THE REACTION to every speech is always in the ear of the hearer.
Some will inevitably dismiss Enda Kenny’s remarks during Wednesday’s Dáil debate on the Cloyne report as a populist attack upon an increasingly unpopular institution or as being motivated by political rather than policy considerations.
The speech has already been dismissed by some as a polemic rather than as a contribution to debate.
To do so is to miss the point.
The purpose of Kenny’s speech was not to persuade or to debate, neither was it a comprehensive treatment of Government policy on church- State affairs, or on relations between Ireland and the Vatican.
What it was, above all else, was a clear statement of attitude.
The new Government of Ireland has given notice that it is adopting a new and less deferential attitude to the Catholic Church and to the Vatican.

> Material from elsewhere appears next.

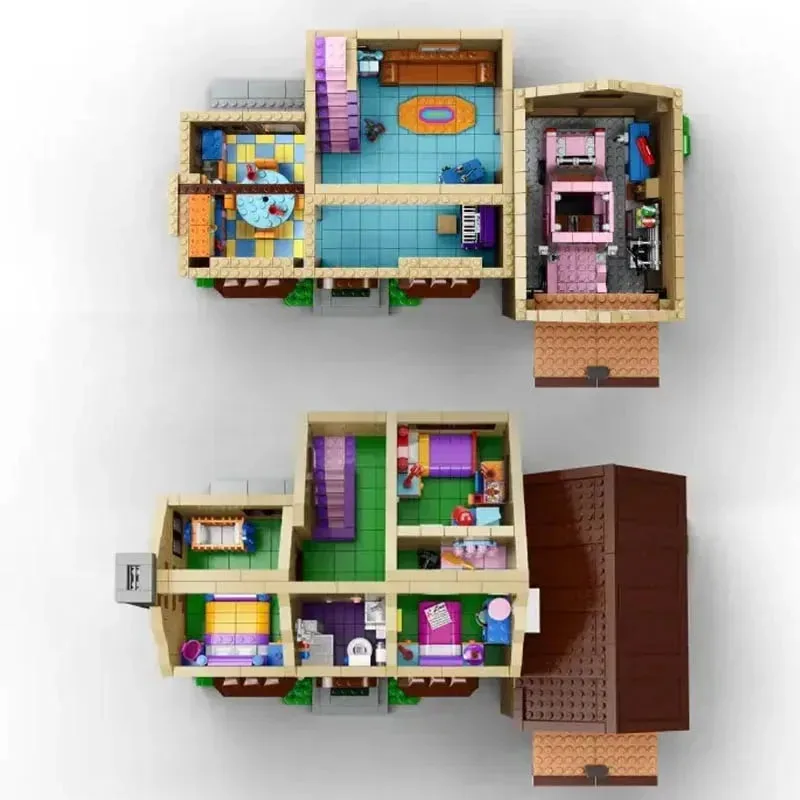 MINISO Disney 2580 PCS The Simp House Compatible Building Blocks Bricks Education Toy Kid Birthday Christmas Gifts71006 16005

That is a very healthy development.
Of course the Taoiseach’s speech was political – he is the country’s top politician after all – but it was not cynically so.
The Taoiseach and his advisers will have been conscious that his remarks would be portrayed as populist grandstanding by those who don’t want to accept the point he was making.
By playing it straight in media management terms they did much to undermine that suggestion.
Instinctively, political handlers might have preferred to ensure that the press gallery and the Dáil benches were packed for the speech.
They could have ensured this by ringing around in advance.
They did not do so.
They also resisted the temptation to trail the speech and its significance by leaking snippets to one of that morning’s newspapers.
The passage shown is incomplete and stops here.